Key Ingredients & Substitutions

  • Pumpkin Puree: Use 100% pure pumpkin puree, not pumpkin pie filling.
  • Pumpkin Pie Spice: If you don’t have this, you can make your own with cinnamon, nutmeg, ginger, and cloves.
  • Cream Cheese: Full-fat cream cheese is best for the frosting, but reduced-fat can work in a pinch.
  • Powdered Sugar: Essential for the frosting; don’t substitute with granulated sugar.

Ingredients

For the Cake:

  • 2 cups all-purpose flour
  • 2 teaspoons pumpkin pie spice
  • 1 teaspoon baking soda
  • 1/2 teaspoon salt
  • 1 cup granulated sugar
  • 1/2 cup packed light brown sugar
  • 1/2 cup unsalted butter, melted
  • 1 cup pumpkin puree
  • 2 large eggs
  • 1/2 cup milk

For the Cream Cheese Frosting:

  • 8 ounces cream cheese, softened
  • 1/2 cup unsalted butter, softened
  • 4 cups powdered sugar, sifted
  • 1 teaspoon vanilla extract

How Much Time Will You Need?

  • Total Time: 50 minutes
  • Prep Time: 15 minutes
  • Cook Time: 35 minutes
  • Servings: 12
  • Calories per serving: Approximately 380-450 (depending on frosting amount)
  • Tools Needed: 9×13 inch baking pan, mixing bowls, electric mixer (optional)

Step-by-Step Instructions

1. Prepare Your Pan and Oven

Preheat your oven to 350°F (175°C). Grease and flour a 9×13 inch baking pan or line it with parchment paper for easy removal. This ensures your sheet cake comes out perfectly.

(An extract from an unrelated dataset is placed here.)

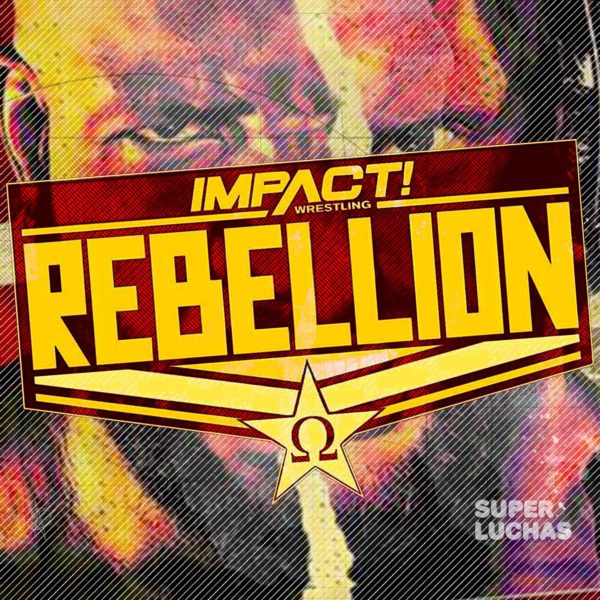 Impact Wrestling Rebellion 2022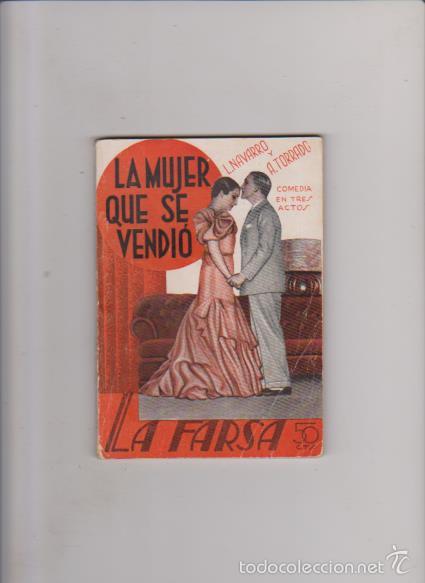 Livros antigos: L. NAVARRO & A. TORRADO - LA MUJER QUE SE VENDI&Oacute; - LA FARSA N&ordm; 416 / 1935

2. Combine Dry Ingredients

In a medium bowl, whisk together the all-purpose flour, pumpkin pie spice, baking soda, and salt. Make sure there are no lumps so your cake bakes evenly. Set this mixture aside for now.

3. Mix Wet Ingredients

In a large bowl, combine the granulated sugar, brown sugar, and melted butter. Stir until well combined. Add the pumpkin puree, eggs, and milk, mixing until smooth.

4. Combine Wet and Dry

Gradually add the dry ingredient mixture to the wet ingredients. Mix just until combined; do not overmix. Overmixing can lead to a tough sheet cake.

5. Bake the Cake

Pour the batter into your prepared 9×13 inch baking pan. Spread it evenly with a spatula. Bake for 30-35 minutes, or until a wooden skewer inserted into the center comes out clean.

6. Cool Completely

Remove the sheet cake from the oven and let it cool in the pan on a wire rack. It’s crucial for the cake to be completely cool before frosting. This prevents your frosting from melting.

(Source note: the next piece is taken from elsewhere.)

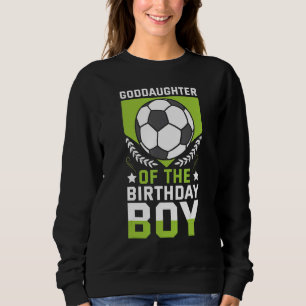 Goddaughter Of The Birthday Boy Soccer Player Team Sweatshirt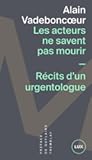 Les acteurs ne sa...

7. Make the Cream Cheese Frosting

In a large bowl, beat the softened cream cheese and softened butter together until creamy. Gradually add the sifted powdered sugar, one cup at a time, beating until smooth. Stir in the vanilla extract.

8. Frost Your Sheet Cake

Once the cake is completely cool, spread the cream cheese frosting evenly over the top. You can use an offset spatula for a smooth finish. Now your pumpkin spice sheet cake is ready to enjoy!

Variation Ideas

  • Nutty Crunch: Sprinkle chopped pecans or walnuts on top of the frosting for added texture.
  • Chocolate Swirl: Melt a small amount of chocolate and drizzle it over the frosting before serving.
  • Ginger Zing: Add 1/2 teaspoon of ground ginger to the cake batter for an extra spicy kick.

Storage Instructions

Store leftover Pumpkin Spice Sheet Cake covered in the refrigerator for up to 3-4 days. The cream cheese frosting requires refrigeration. You can bring it to room temperature for about 30 minutes before serving if you prefer a softer frosting.

Frequently Asked Questions (FAQ)

Q: Can I use fresh pumpkin instead of canned puree?

A: Yes, you can use homemade pumpkin puree, but ensure it’s thick and not watery.

Q: My cake is too dense, what went wrong?

A: Overmixing the batter is a common cause of dense cakes. Mix just until the ingredients are combined.

Q: Can I make this a day ahead?

A: Absolutely! This sheet cake recipe is perfect for making a day in advance, as the flavors often deepen.

Q: Why did my frosting turn out lumpy?

A: Ensure your cream cheese and butter are thoroughly softened before you begin mixing. Cold ingredients lead to lumpy frosting.

Q: Can I freeze pumpkin spice sheet cake?

A: Yes, you can freeze individual slices or the whole cake (unfrosted is best, or with a very firm frosting) wrapped tightly for up to 2-3 months. Thaw in the refrigerator.